The reason comes down to the type of progestin used. Some synthetic progestins have mild androgenic activity, meaning they can bind to the same receptors that testosterone does and stimulate oil production. If your acne worsened after starting or switching birth control, the androgenic profile of the progestin component is a likely explanation. Conversely, stopping combined birth control can trigger a rebound flare as the estrogen-driven suppression of androgens disappears and your body readjusts.
Menopause and Shifting Hormone Ratios
Acne during perimenopause and after menopause catches many people off guard. Estrogen levels drop significantly during this transition, but androgen levels decline more slowly. The result, as Harvard Health describes it, is that male hormones like testosterone become more dominant relative to declining female hormones. This shifting ratio reactivates the same androgen-driven oil production that causes acne at any other life stage, which is why breakouts in your 40s and 50s tend to look and feel like the deep, inflammatory acne of your teens rather than the smaller bumps caused by topical irritants.
Where Hormonal Acne Appears
Hormonal acne has a characteristic distribution. It concentrates along the chin, jawline, and lower cheeks, areas where oil glands are particularly dense with androgen receptors. The Cleveland Clinic notes that acne in these locations is “likely to be deeper, bigger, and more inflamed” than breakouts elsewhere on the face. These lesions often present as tender, under-the-skin nodules or cysts rather than surface-level whiteheads. They take longer to resolve, are more likely to leave marks, and don’t respond as well to topical spot treatments because the inflammation sits deep in the dermis.
Boys commonly get jawline acne during growth spurts when androgens surge. Women and girls tend to see breakouts in this zone during their menstrual cycles, pregnancy, or hormonal transitions. If your acne is concentrated in the lower third of your face and flares in patterns tied to your cycle or stress levels, the hormonal mechanism is almost certainly the primary driver.
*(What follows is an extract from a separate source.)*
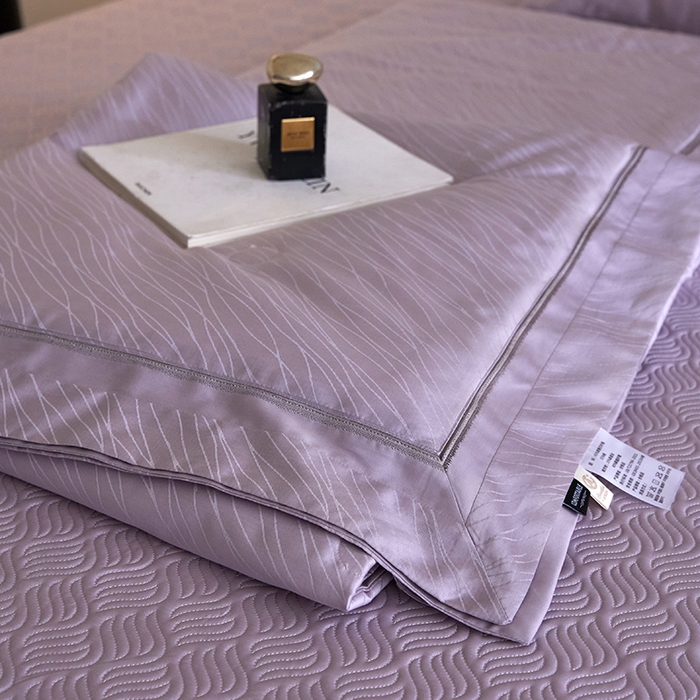 91家纺网 家纺一手货源 找家纺 淼铭家纺 2026新款天丝棉提花床盖夏被夏凉被空调被四件套-半夏系列 半夏-紫色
Treatment Approaches That Target the Cause
Because hormonal acne originates from within, topical treatments alone often aren’t enough. The most effective strategies address the androgen pathway directly. An anti-androgen medication called spironolactone is widely used for this purpose in women. A large evidence review found that at doses around 100 mg daily, roughly 86% of women experienced some improvement, and about 22% achieved complete clearance. The medication works by blocking androgen receptors in the skin, preventing testosterone and DHT from stimulating oil glands regardless of how much is circulating in the blood.
Combined oral contraceptives work through a different angle, raising SHBG to soak up free testosterone and providing steady estrogen to counterbalance androgen effects. For people with PCOS or insulin resistance, addressing the underlying metabolic issue through dietary changes that reduce insulin spikes can lower androgen levels systemically. Reducing high-glycemic foods and moderating dairy intake won’t eliminate hormonal acne on their own for most people, but they can reduce the severity of flares and improve the effectiveness of other treatments.
Retinoids, whether topical or oral, remain useful for preventing the clogged pores that androgens create, even though they don’t address the hormonal trigger directly. Most dermatologists treat hormonal acne with a combination approach: something to reduce androgen activity, something to keep pores clear, and lifestyle modifications to manage insulin and stress.